Abu Dhabi’s Economic Vision 2030, a roadmap for the economy of the Emirate, prioritises support for small- and medium-sized enterprises and sees foreign direct investment as a means to diversify the economy.
According to a PwC report, the Gulf Cooperation Countries (GCC) — Bahrain, Kuwait, Oman, Qatar, Saudi Arabia and the United Arab Emirates — and Egypt show the most promise as the market shows similarities with the Asia-Pacific sector from five years ago.
The report projects a compound annual growth rate of 15%-30% over the next six years, which would expand the private credit market across these counties to between USD 11bn and USD 20bn, a size comparable to the opportunity in APAC or India.
Momentum has grown over the last three years as many well-known offshore restructuring advisors have set up shop.
Last autumn, London-based asset management giant Janus Henderson completed its acquisition of NBK Capital Partners, a Dubai-based alternative investment firm, which launched its first dedicated Middle East and North Africa private credit fund 15 years ago.
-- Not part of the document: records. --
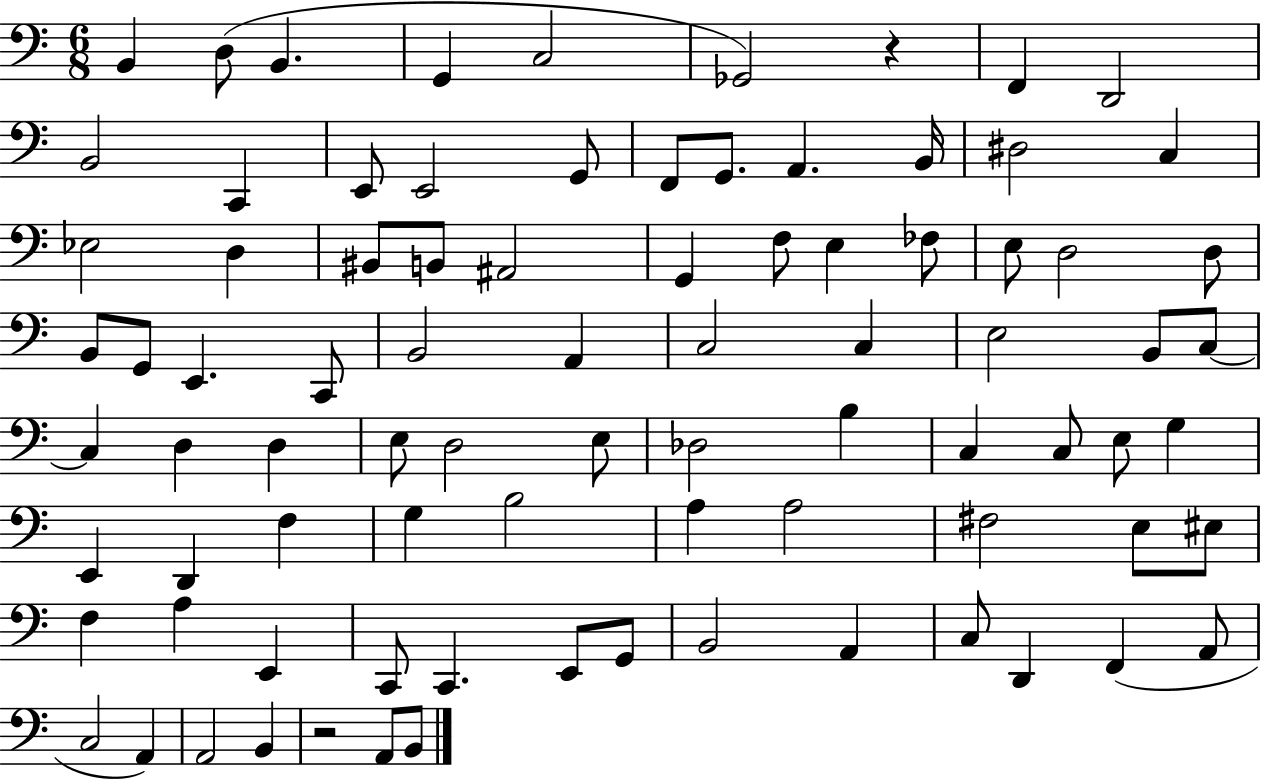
B2/q D3/e B2/q. G2/q C3/h Gb2/h R/q F2/q D2/h B2/h C2/q E2/e E2/h G2/e F2/e G2/e. A2/q. B2/s D#3/h C3/q Eb3/h D3/q BIS2/e B2/e A#2/h G2/q F3/e E3/q FES3/e E3/e D3/h D3/e B2/e G2/e E2/q. C2/e B2/h A2/q C3/h C3/q E3/h B2/e C3/e C3/q D3/q D3/q E3/e D3/h E3/e Db3/h B3/q C3/q C3/e E3/e G3/q E2/q D2/q F3/q G3/q B3/h A3/q A3/h F#3/h E3/e EIS3/e F3/q A3/q E2/q C2/e C2/q. E2/e G2/e B2/h A2/q C3/e D2/q F2/q A2/e C3/h A2/q A2/h B2/q R/h A2/e B2/e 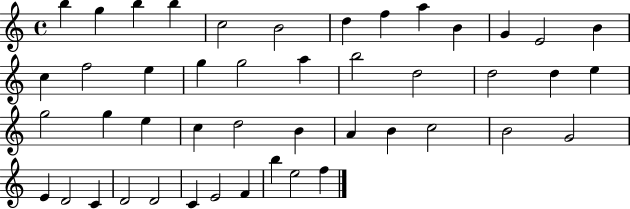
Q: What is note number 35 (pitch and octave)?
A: G4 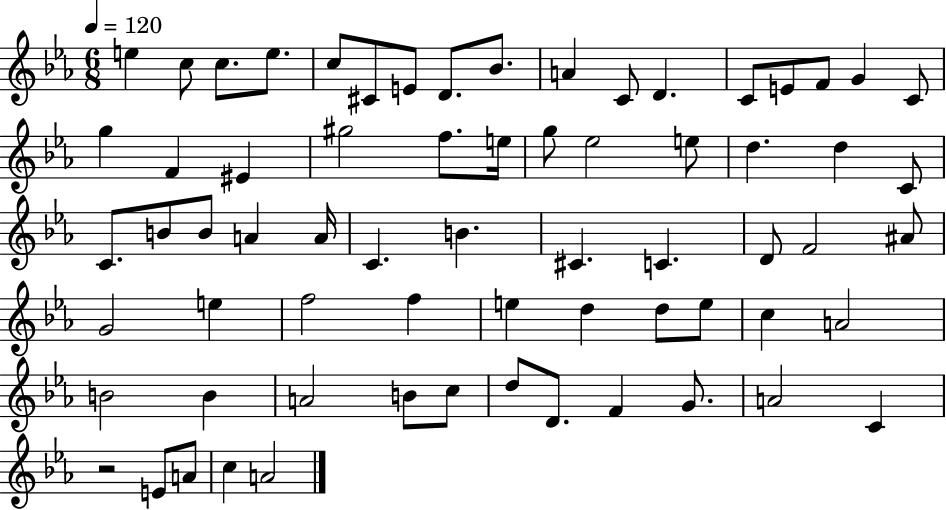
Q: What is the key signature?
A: EES major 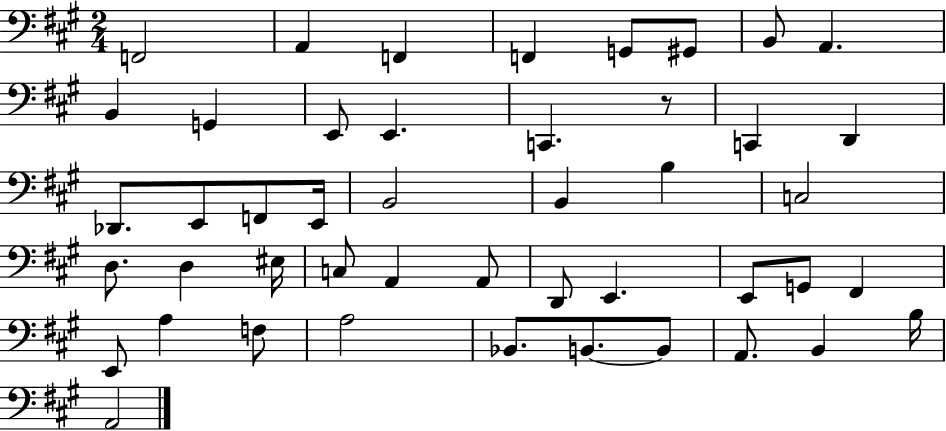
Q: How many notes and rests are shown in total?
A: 46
Now renamed Janus Henderson Emerging Markets Private Investments Limited, it forms the asset manager’s first emerging markets private capital division.
Massand of Phoenix Advisors, who works with cross-border investors, emerging market fund managers and restructuring advisors, said: “Those days when you would just come, raise money and go away… I think those days are over. The smart managers understand that.”
But the market can also be a hard sell for private credit managers under pressure to deploy large amounts of dry powder. They will need to find larger deals than the region currently offers to make a dent in the portfolio.
PwC estimates the GCC and Egypt private credit market at around USD 5bn, a tiny fraction of the global market which has already exceeded USD 3trn in assets, according to the Alternative Credit Council.